**SOURCE DATA:**
Start of Block

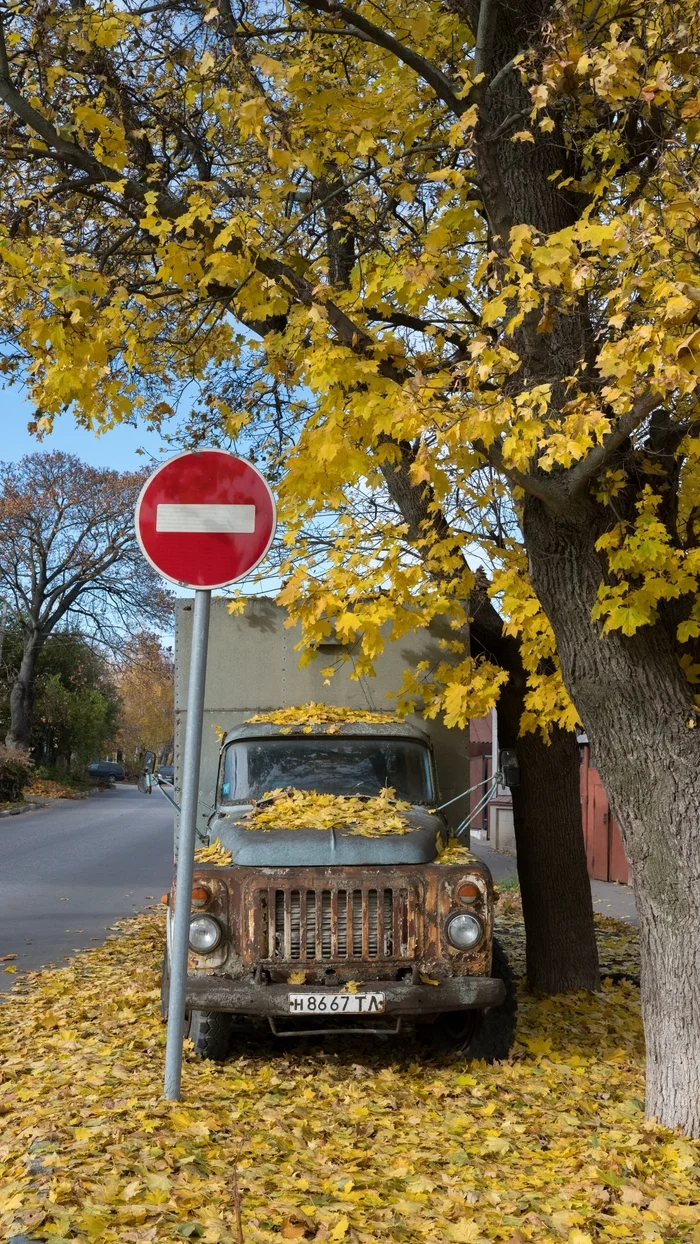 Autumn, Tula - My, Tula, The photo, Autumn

End of Block
Start of Block

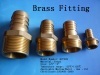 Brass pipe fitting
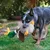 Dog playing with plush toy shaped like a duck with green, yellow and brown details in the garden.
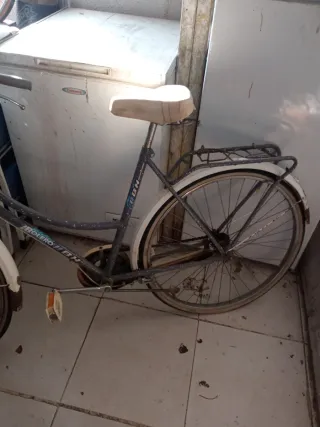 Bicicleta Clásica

End of Block
Start of Block

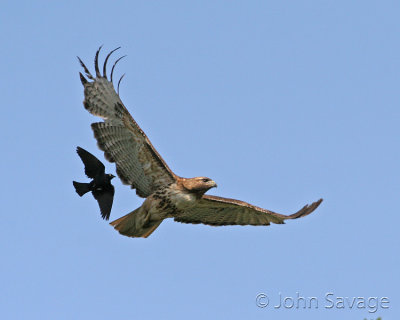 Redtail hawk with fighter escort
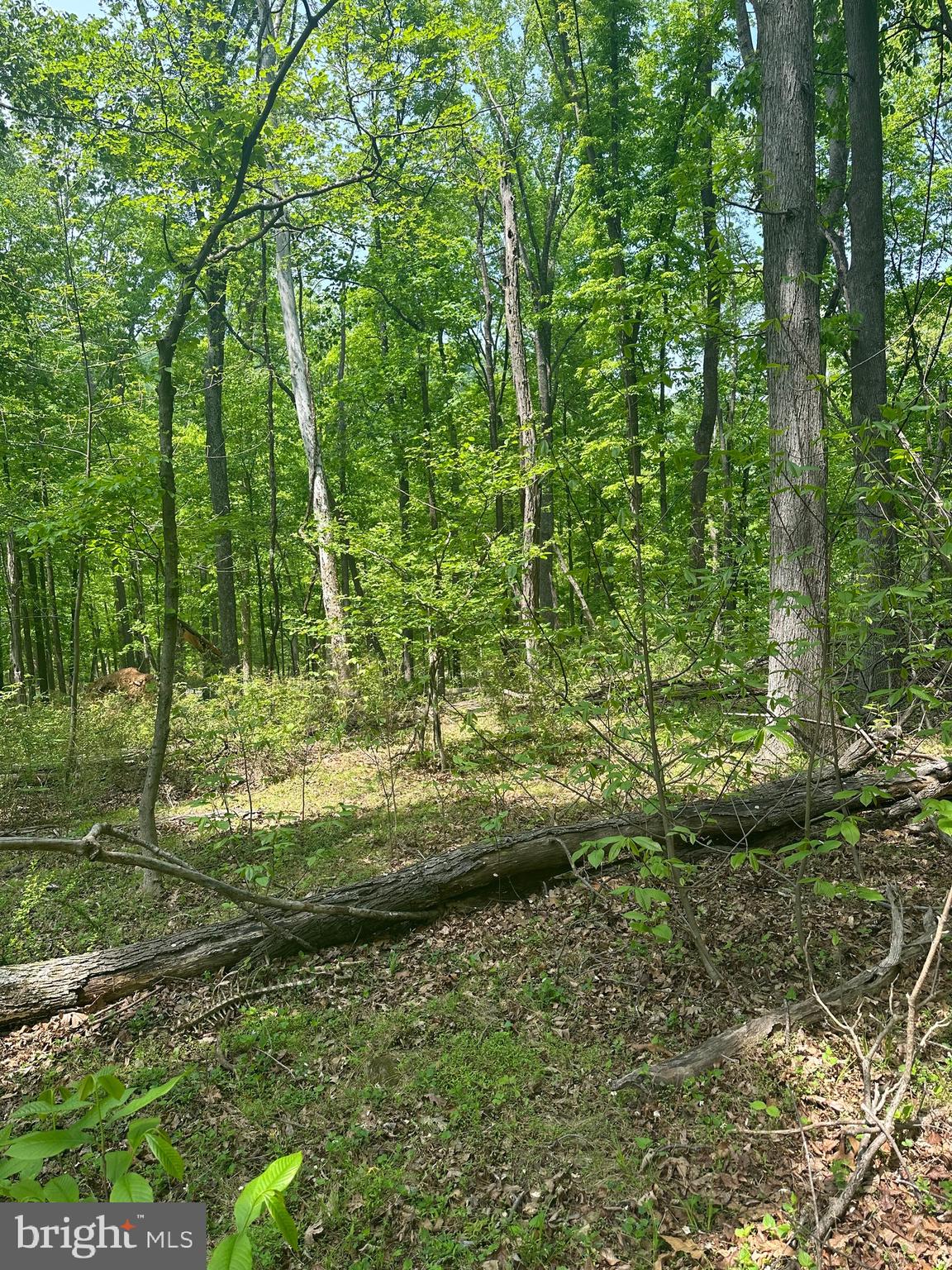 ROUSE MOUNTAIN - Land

End of Block

**WHAT THE TASK ASKS:**
Using the entries above, extract exactly the lines from the one that contains "Redtail hawk with fighter escort" through the one that contains "ROUSE MOUNTAIN - Land". Do not carry over any pictures.

**TASK SOLUTION:**
 Redtail hawk with fighter escort
 ROUSE MOUNTAIN - Land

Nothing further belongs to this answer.